Work order: Below this line is the material. Write out only its lines from the one containing "ヴィンテージ フォード レーシング Tシャツ サイズ 2XL - Etsy 日本" through the one containing "Maver Carat Vaste Hengel Zwart 3.00 m", both kept, exactly.

** Opening Given records block **

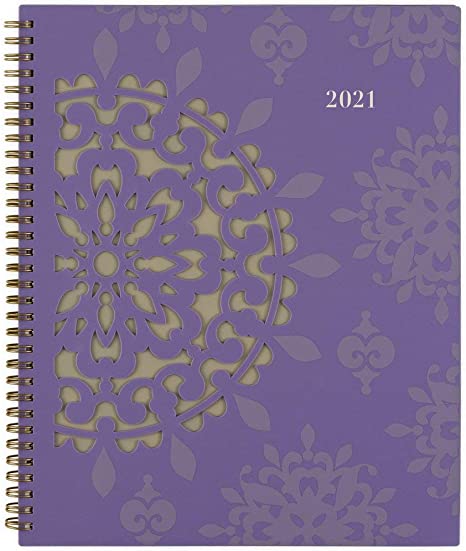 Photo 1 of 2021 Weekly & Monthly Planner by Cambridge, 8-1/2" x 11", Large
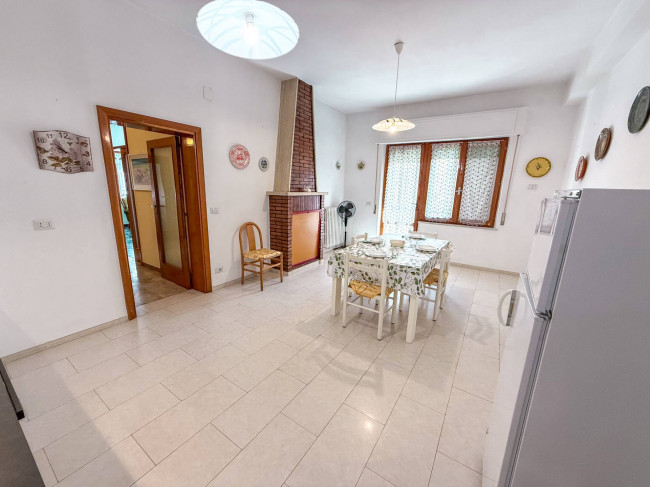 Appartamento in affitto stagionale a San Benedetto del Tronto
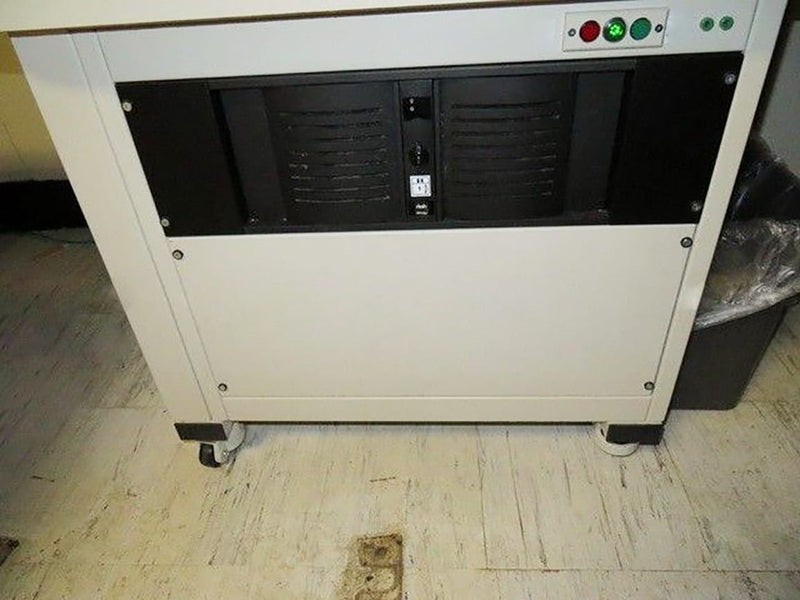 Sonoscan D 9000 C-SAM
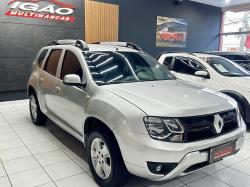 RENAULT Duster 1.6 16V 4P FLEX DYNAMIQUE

** Closing Given records block **
** Opening Given records block **

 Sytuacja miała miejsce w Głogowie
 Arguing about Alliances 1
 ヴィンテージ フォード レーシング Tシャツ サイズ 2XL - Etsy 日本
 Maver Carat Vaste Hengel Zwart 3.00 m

** Closing Given records block **

Answer below:
 ヴィンテージ フォード レーシング Tシャツ サイズ 2XL - Etsy 日本
 Maver Carat Vaste Hengel Zwart 3.00 m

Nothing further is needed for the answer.